The fact is, Jews have been present in Palestine since the 1,300's B.C.E. and are the only ethnic group in the region to actually have had a sovereign state on that land. Everyone else that is there has always been subject to someone else's rule. Even when the Caliphates built the Muslim Empire and took control, they were not the same ethnicity as the Palestinian Arabic speakers, nor of the same Islamic sect.
So who makes those decisions? There's not some panel of jurists sitting in judgement over the history of the world. The decision was made by one of the conquerors of the land, the most recent ones, the British Empire.

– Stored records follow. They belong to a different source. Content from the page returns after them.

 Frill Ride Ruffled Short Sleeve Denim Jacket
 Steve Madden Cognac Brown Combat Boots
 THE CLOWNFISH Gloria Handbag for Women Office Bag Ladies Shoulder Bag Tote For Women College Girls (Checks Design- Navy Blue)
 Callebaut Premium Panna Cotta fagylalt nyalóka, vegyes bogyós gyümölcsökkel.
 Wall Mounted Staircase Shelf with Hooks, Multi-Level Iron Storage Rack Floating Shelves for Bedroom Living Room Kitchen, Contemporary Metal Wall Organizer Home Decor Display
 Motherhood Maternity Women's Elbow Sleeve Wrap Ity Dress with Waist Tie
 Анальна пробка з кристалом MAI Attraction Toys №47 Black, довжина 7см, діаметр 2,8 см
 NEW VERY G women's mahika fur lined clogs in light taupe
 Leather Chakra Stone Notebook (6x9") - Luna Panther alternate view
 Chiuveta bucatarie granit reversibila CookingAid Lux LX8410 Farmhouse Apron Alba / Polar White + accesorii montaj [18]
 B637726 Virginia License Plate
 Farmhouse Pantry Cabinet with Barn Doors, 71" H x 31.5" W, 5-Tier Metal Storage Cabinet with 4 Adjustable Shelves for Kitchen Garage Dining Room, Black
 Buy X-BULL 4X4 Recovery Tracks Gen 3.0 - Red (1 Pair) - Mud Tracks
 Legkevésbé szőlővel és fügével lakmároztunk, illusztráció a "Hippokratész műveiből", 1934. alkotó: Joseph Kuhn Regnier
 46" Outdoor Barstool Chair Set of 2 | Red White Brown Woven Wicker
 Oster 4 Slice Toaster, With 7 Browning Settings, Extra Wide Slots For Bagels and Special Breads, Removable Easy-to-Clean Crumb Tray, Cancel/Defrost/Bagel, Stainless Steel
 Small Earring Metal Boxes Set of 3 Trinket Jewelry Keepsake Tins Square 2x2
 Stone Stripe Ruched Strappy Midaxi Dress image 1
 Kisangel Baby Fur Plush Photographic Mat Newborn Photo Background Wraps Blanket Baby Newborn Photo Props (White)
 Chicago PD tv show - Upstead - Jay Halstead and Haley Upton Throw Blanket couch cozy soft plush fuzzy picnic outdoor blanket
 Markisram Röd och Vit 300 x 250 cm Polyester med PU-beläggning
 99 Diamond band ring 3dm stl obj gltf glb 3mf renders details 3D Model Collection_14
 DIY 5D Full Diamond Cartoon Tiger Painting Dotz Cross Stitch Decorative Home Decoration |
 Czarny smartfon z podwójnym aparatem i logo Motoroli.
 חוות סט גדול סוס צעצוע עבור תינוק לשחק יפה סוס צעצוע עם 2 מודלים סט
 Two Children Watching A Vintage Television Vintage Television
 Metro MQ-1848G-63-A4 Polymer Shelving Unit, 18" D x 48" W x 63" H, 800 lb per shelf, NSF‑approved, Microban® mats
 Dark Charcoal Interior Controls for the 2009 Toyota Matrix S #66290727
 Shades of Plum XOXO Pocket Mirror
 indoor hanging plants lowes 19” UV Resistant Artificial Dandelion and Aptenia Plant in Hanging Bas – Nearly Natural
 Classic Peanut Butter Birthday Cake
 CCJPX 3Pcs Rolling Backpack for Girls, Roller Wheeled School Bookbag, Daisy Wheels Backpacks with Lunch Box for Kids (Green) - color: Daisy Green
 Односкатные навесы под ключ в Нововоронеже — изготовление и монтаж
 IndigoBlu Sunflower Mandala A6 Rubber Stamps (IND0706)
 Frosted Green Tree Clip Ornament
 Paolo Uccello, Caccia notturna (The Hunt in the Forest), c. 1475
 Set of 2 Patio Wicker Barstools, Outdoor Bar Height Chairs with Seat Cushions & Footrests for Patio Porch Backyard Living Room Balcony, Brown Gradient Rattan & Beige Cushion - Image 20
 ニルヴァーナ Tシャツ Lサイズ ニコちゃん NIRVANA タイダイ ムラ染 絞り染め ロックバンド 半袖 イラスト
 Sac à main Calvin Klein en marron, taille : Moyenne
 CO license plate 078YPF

And it's not like Palestinians were just excluded from the process or not considered. A fourth of the population of Israel is Arab, along with a small percentage of Christians, also Arabic, and those who live within the boundaries of the nation are citizens with full rights. Some actually participate in government. And during all of these outbreaks of violence, 1967 most notably, the opportunity for the Arab Palestinian population to merge into the political state of Israel was there. Prior to 1967 they were living under the Jordanian monarchy in the West Bank, or the Egyptian dictatorship in the Gaza strip. Every time there is a negotiation and another opportunity for Palestinians to benefit, it's foreign terrorists who start something and prevent it from happening.
Arazi
(8,427 posts)Thanks for this
maxsolomon
(37,538 posts)Wish I knew. Certainly, Britain and the UN have been rejected by the anti-Zionists/anti-Colonialists.
Israel is a fait accompli as far as I'm concerned. Does it have a "right" to exist? That's a moot question. It exists.
Likewise, a sovereign Palestinian state. Does it have a "right" to exist? It doesn't exist, and its possible existence is becoming less likely with every new settlement & every section of security wall built. Which is by design.
Big Blue Marble
(5,639 posts)They are the ones in immediate danger of ethnic cleansing and genocide. Palestine is their
historic homeland. There were very few Jews living there for the last 2000 years
until they began to return in the late 1800's.
And to say to say that Israel has not blocked the peace process, is to deny recent history,
starting with the 800,000 illegal settlers in the West Bank that are there intentionally
to make a true peace accord with Palestinians impossible.
muriel_volestrangler
(104,972 posts)Support for a two state solution used to be majority among Palestinians, but has declined (disillusioned?), but the Palestian Authority still backs it:
Another pollster, the Palestinian Center for Policy and Survey Research, did manage to carry out a survey in November and December this year as the war unfolded. Those results found that 35 per cent of Palestinians in the Gaza Strip support a two state solution.
Despite the apparent lack of popular support for a two state solution, the leader of the Palestinian Authority which controls the West Bank but not Gaza Mahmoud Abbas, has recently repeated his desire for one. The UK and the US also say that this is their preferred outcome.
https://www.channel4.com/news/factcheck/factcheck-what-is-a-two-state-solution-and-do-israelis-and-palestinians-want-one
keithbvadu2
(40,915 posts)There is no solution without eliminating Hamas.
Hamas wants to kill more Jews just as Trump's republicans want to do.